Even in the most positive scenario, these institutions have an "averaging" influence upon the art and literature we create. What happens when black definition and self determination fly in the face of what these institutions espouse? Perhaps artistic directors running organizations like those mentioned earlier should get used to a different kind of reaction to their invitations to "play in the big house." Perhaps, now that August has provided a national forum, we will begin to hear black artists saying things like: "No, thank you! I don't want your help. Your help has been the undoing of most things I hold dear. Your help skews, stretches, and distorts my values and my art. I will not facilitate your cultural and artistic imperialism."

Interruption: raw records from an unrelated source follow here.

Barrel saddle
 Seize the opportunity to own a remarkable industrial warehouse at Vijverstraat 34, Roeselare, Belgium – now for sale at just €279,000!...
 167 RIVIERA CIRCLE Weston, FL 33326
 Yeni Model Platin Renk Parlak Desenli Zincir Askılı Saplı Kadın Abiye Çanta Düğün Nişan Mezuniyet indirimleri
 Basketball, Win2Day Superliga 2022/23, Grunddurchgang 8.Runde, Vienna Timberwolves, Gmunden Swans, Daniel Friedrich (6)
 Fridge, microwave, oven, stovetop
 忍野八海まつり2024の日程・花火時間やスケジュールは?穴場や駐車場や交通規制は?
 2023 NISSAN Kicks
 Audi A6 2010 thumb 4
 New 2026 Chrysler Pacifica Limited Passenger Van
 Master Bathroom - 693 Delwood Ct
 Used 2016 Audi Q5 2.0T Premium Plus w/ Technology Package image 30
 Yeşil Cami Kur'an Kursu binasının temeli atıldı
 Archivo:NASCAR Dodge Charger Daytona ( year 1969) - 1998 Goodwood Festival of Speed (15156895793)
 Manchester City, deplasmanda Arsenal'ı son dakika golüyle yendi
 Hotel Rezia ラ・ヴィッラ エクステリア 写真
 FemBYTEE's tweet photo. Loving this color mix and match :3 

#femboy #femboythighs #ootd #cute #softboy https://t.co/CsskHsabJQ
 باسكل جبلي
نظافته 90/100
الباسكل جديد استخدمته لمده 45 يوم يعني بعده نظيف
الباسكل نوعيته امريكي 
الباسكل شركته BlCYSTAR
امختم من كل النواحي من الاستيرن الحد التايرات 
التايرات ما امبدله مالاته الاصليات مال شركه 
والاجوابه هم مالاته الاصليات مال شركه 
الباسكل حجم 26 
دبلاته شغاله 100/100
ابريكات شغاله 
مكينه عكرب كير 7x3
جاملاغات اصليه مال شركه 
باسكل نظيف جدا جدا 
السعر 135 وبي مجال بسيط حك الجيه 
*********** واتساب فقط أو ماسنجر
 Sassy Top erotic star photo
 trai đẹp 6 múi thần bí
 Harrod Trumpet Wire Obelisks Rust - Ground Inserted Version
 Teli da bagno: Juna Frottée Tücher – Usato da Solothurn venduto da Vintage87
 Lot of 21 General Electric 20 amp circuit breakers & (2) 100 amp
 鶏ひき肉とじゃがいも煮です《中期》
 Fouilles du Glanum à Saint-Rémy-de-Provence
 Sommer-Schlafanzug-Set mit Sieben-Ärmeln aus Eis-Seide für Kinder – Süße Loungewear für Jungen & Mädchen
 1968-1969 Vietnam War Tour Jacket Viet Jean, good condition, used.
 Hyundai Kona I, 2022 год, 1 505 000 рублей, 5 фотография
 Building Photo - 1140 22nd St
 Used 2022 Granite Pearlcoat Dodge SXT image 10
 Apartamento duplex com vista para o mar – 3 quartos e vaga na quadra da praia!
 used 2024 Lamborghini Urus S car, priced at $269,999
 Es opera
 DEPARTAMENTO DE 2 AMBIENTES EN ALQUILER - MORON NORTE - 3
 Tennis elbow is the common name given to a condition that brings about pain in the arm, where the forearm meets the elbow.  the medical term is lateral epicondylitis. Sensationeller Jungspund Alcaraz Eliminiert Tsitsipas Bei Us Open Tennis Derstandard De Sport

Black communities and institutions are languishing, in my estimation, largely because they have become conditioned to look outside of their own milieu for criticism and approbation. Funding and support of major regional theaters, without recognizing and ensuring the health of black theaters, is a continuation of that conditioning. If black theatre is to realize itself and continue to make artistic and cultural contributions to American theater, it must be supported to the degree that it can take chances and do what people in the corporate world call "research and development." When we nurture, or discover, a talent which has the voice, insight, craft and courage to scale new artistic levels, we should be healthy enough to provide technical, dramaturgical, marketing, critical, administrative, financial, and audience support necessary to allow that talent to realize itself. In short, we should be capable of gratifying our own interests.
I have both facilitated and participated quite substantively in the development of craft in a number of black theatrical artists who are making outstanding contributions to American theater. It seems obvious that Penumbra is doing "something" right. "Something" right for Penumbra and right for the nation. Yet, because of a national atmosphere that does not choose to reward that talent until it has been recognized by "the majors," I now have to fight to keep Penumbra from becoming a "farm team" where well-funded artistic directors come to do "one-stop-shopping" for new ideas, talent, and craft.
Lou Bellamy is founder and director of the Penumbra Theatre.